Des points réguliers.

« Mais l’accompagnement peut se faire sur le long terme. Des points réguliers peuvent s’avérer pertinents pour savoir si d’autres ajustements sont nécessaires », poursuit la référente Handicap. Parfois, l’outil le plus simple peut se révéler un véritable atout. « Nous avions un jeune homme cumulant la dyspraxie et la dysgraphie sur un poste administratif. Une ergonome a prescrit l’utilisation d’une tablette qui lui a été d’une grande aide. Désormais, il donne entière satisfaction, se montre organisé et évolue parfaitement au sein de son équipe », relate le Docteur Gisèle Birck, directrice médicale au sein de l’Arihm, cabinet expert dans le domaine de la santé psychique au travail. Tout au long de la collaboration, la FFDys préconise de respecter certaines règles : favoriser les processus de travail (cadre de référence précis, points réguliers…), expliquer les imprévus et les urgences, favoriser un environnement de travail favorable (favoriser la concentration, éviter l’open space…), laisser davantage de temps.

Des troubles méconnus.

Cependant, si l’on parle de plus en plus de ces troubles cognitifs, ils demeurent encore « insuffisamment connus dans les entreprises », estime Denis Lhomme. Pour éviter toute stigmatisation, les personnes souffrant de ces troubles ont pris l’habitude de les cacher et ont mis en place des stratégies de contournement. Promouvoir un discours de bienveillance, sensibiliser les managers, faire connaître ces troubles, c’est éviter le stress. « Il arrive parfois que la personne, elle-même, ignore qu’elle est « dys » ». « Certains n’ont jamais été dépistés, souligne Gisèle Birck. J’ai eu le cas d’une personne de 45 ans qui ignorait son trouble. Ce sont des personnes qui, certes, connaissent des difficultés dans leur quotidien mais elles ont des capacités et une intelligence normales. » « Pour un même résultat, un salarié va déployer un effort supplémentaire mais il sera peut-être le moteur d’un groupe malgré tout », ajoute Denis Lhomme. « Pour être dépistés, les salariés peuvent se tourner vers des neuropsychologues, des orthophonistes ou des ergothérapeutes pour réaliser des bilans. Ou encore vers des conseillers de Pôle emploi, Cap emploi ou des missions locales en amont de l’emploi, précise Virginie Mattio, psychologue-neuropsychologue et directrice de l’association Coridys.

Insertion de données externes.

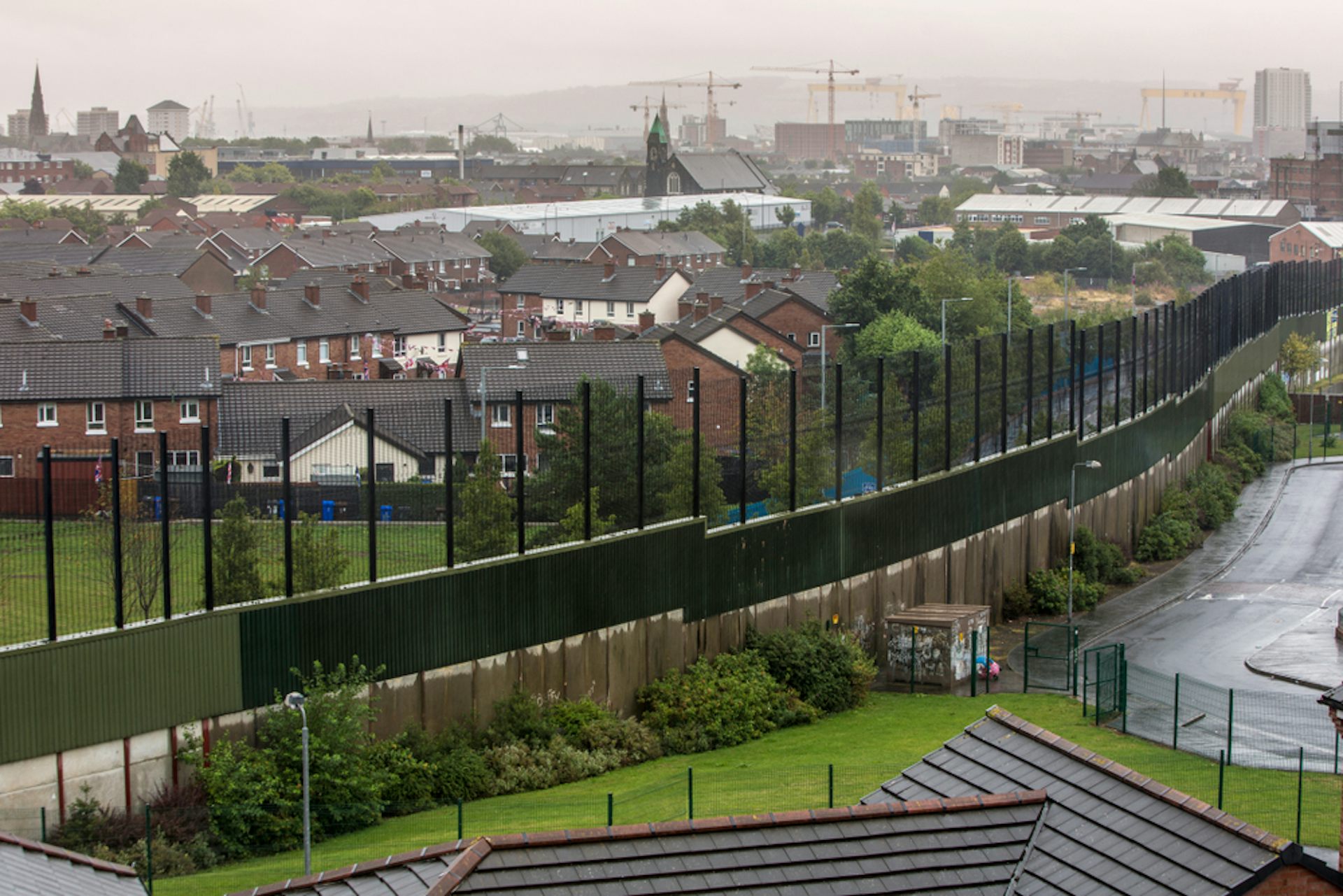A photograph of a dividing fence in Belfast.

Au sein des entreprises, nous sensibilisons au maximum la médecine du travail, encore trop peu formée sur ces troubles, ainsi que les employeurs et les DRH. » Pour autant, il n’est plus honteux d’avouer aujourd’hui son trouble dys comme autrefois « car c’est une vraie force qui mobilise tellement d’efforts pour réussir », constate Denis Lhomme. De plus en plus, des célébrités, telles que Steven Spielberg, révèlent leur trouble « dys ». Et Gisèle Birck rappelle que « Albert Einstein était dyslexique ». Tout comme Winston Churchill et Léonard de Vinci.